Beauvoir's most explicit writing on lesbianism is found in a single chapter in volume II of The Second Sex, "The Lesbian." Claiming that all women are "naturally homosexual" (she doesn't explain what she means by this, but it seems to have something to do with a predilection for soft skin), Beauvoir distinguishes the lesbian from the heterosexual by her exclusive "refusal of the male and her taste for feminine flesh."

At first reading the chapter seems confused, contradictory, and filled with outrageous statements. It has even been called homophobic. But not only has it always been considered the first serious philosophical treatment of lesbianism, we can see in retrospect the large extent to which the chapter anticipates current issues of lesbian identity and the performance of gender.

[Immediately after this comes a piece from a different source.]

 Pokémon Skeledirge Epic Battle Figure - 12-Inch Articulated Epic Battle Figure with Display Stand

Beauvoir sees lesbianism as a choice, not in the sense of the religious right's use of the term as a weapon against gays and lesbians, but in the existentialist concept of an attitude adopted in situation, for which one freely and fully takes responsibility. Furthermore, Beauvoir's representation of the lesbian couple per se (which she adapts from Colette), makes possible the kind of nurturing, creative subject-other relations that Beauvoir had always sought. Her conception of a reciprocal relation in which each partner maintains her autonomy contrasts markedly with Sartre's (and Hegel's) annihilating clashes between consciousnesses.

In the early 1960s, Beauvoir began a relationship with Sylvie le Bon which lasted to the end of Beauvoir's life. In 1980, following Sartre's death, Beauvoir adopted Sylvie so that the latter could legally care for Beauvoir, who was to die six years later. Their relationship offers a model of the lesbian couple described theoretically in The Second Sex.

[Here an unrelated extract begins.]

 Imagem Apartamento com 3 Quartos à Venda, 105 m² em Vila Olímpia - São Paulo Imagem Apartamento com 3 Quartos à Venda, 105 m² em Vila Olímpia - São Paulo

While Beauvoir categorically denied it was a lesbian relationship, le Bon did not. Although le Bon refused to be more explicit, she seemed to suggest that Beauvoir's denial was aimed at protecting the younger woman, which would not be surprising given Beauvoir's earlier experiences. Yet Beauvoir described Le Bon as the "ideal companion of my adult life," explaining that, since Zaza's early death, she had often desired an "intense, daily and total relationship with a woman." Now that she had found Sylvie, their relationship was "absolute," one in which each lived "entirely" for the other.

Beauvoir's active participation in the public silence surrounding her same-sex relations had the consequence of excluding her from the field of lesbian studies. Now, thanks to well-documented evidence and a more receptive climate, the philosopher can take her rightful place as a woman who passionately loved women.